Я родился в 1924 году, 9 мая, у Грауэрмана, на Арбате. Первая моя квартира – дом 43. Квартира на 4-м этаже, средних размеров по коммунальным масштабам, 5 соседей. Раньше это была квартира фабриканта Каневского, нэпмана. После нэпа он был директором своей же фабрички. А потом уехал во Францию с семьей.
Отец мой был прислан в комакадемию из Грузии учиться. На Арбате ему дали две маленькие комнатки в той коммуналке. И мать жила с нами. После моего рождения отца отправили обратно на Кавказ. Он продолжал работать комиссаром грузинской дивизии. А мама работала в аппарате горкома партии здесь.
А потом пришло время мне учиться. И меня отправили в Тбилиси, где я поступил в первый класс. Это был такой странный первый класс, где были экзамены по-русски. На экзамене каждому давали табличку, на табличке был нарисован лабиринт. В центре лабиринта – колбаса, а снаружи мышка, нужно было найти кратчайший путь до колбасы. О Пушкине мы не слышали ничего, Пушкин не существовал, Лермонтов не существовал, Тургенев не существовал, Толстой не существовал. Все они были помещики.
Потом отец работал уже секретарем Тбилисского горкома партии. У него были нелады с Берией, очень серьезные. И дошло до того, что отец мой поехал в Крым, к Серго Орджоникидзе, и попросил направить его на работу в Россию, потому что в Грузии он работать не мог. И Серго отправил его на Урал. Парторгом ЦК на вновь строящийся в первой или второй пятилетке вагоностроительный завод.

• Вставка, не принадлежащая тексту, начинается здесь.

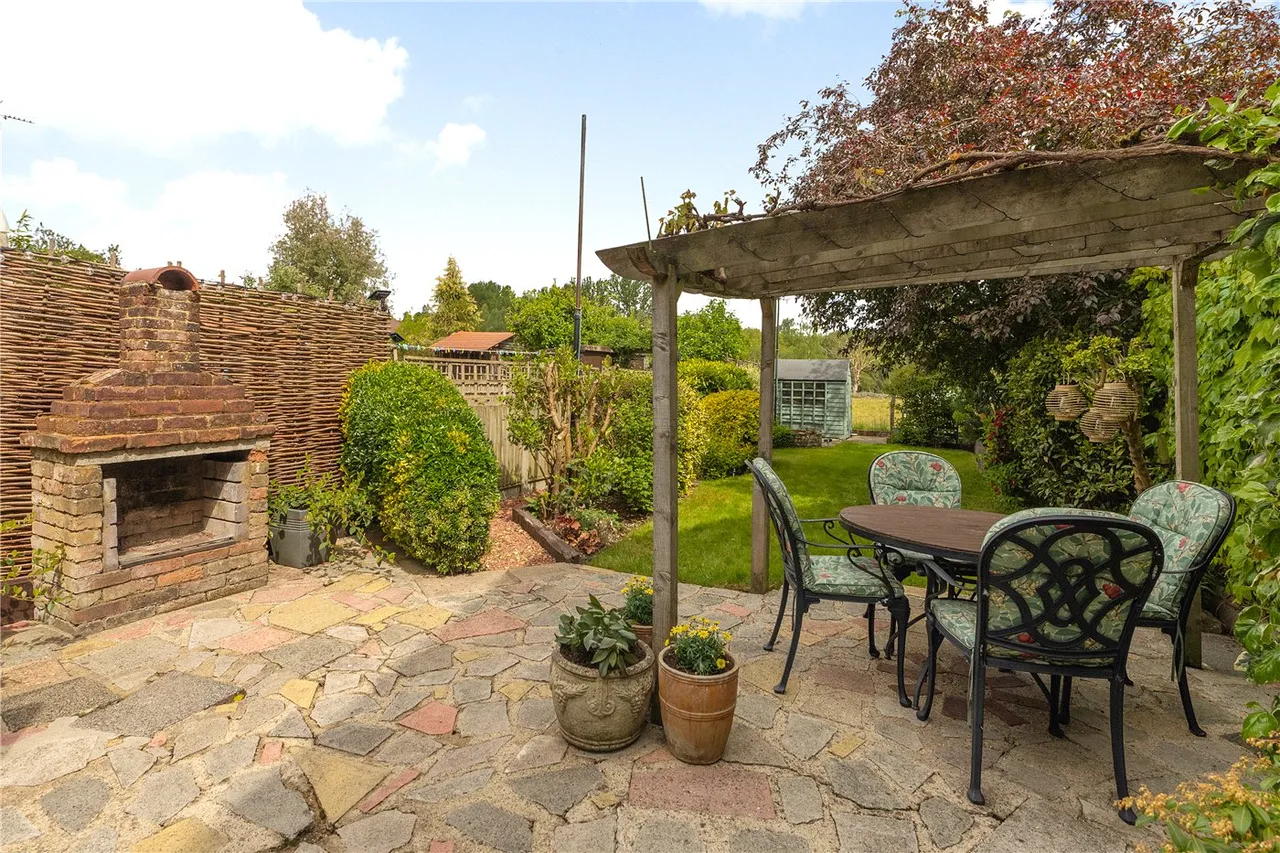 Shalmsford Street, Chartham, Canterbury, Kent, CT4, photo 2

Вот в 1932 году отец отправился на Урал – там еще была дикая тайга и несколько бараков. А потом выписал и нас. Я жил там, учился до ареста отца. До февраля 1937-го.
Мы вернулись в Москву. Опять в эти же две комнаты. Мать, конечно, исключили из партии тут же. Она устроилась кассиром в какую-то артель. И занималась тем, что в свободное время бегала, добивалась приема у Берии, чтобы сказать ему: «Ты же знал его по работе, он не может быть троцкистом или английским шпионом». Она добивалась, добивалась до тех пор, пока не пришли однажды ночью и не забрали ее тоже.
Я остался с бабушкой. В это время был уже брат. Он родился в 1934-м. Жили мы впроголодь. Страшно совершенно. Учился я плохо. Курить начал, пить, девки появились. Московский двор, матери нет, одна бабушка в отчаянии. Я стал дома деньги поворовывать на папиросы. Связался с темными ребятами. Как я помню, у меня образцом молодого человека был московско-арбатский жулик, блатной. Сапоги в гармошку, тельняшка, пиджачок, фуражечка, челочка и фикса золотая.
Я был политический мальчик. И я знал, что мои родители – такие коммунисты, каких не бывает вообще в природе. Произошла ошибка какая-то. И когда это до Сталина дойдет, он все исправит.
В конце 1940 года тетка решила меня отсюда взять. Потому что я совсем отбился от рук, учиться не хотел, работать не хотел. Я приехал в Тбилиси перед самой войной.
Потом война. Я, конечно, начал бомбардировать военкомат. С приятелями мы требовали, чтобы нас забрали в армию.
Мы охаживали капитана Качарова. Он сначала орал на нас, топал ногами, потом привык и, чтобы отвязаться, поручил повестки разносить. Мы ходили по дворам. Нас били за эти повестки, бывало. Горесть приносили.
Потом я ушел из школы. Работал на заводе учеником токаря. Занимался ровировкой стволов огнемета. Что такое ровировка, до сих пор не знаю. Что-то тяжелое мы делали изо дня в день, из ночи в ночь, по 14–16 часов безвылазно…
* * *
Я все ходил и ходил к военкому, надоедал. Наконец, этот Качаров не выдержал и сказал: «Вот вам повестки». Мы сели и сами себе их написали.
Мне было 17 лет. Тетка моя всполошилась, сказала, что пойдет в военкомат, что все перевернет, что это безобразие. Я ей сказал: если она пойдет, я убегу из дома.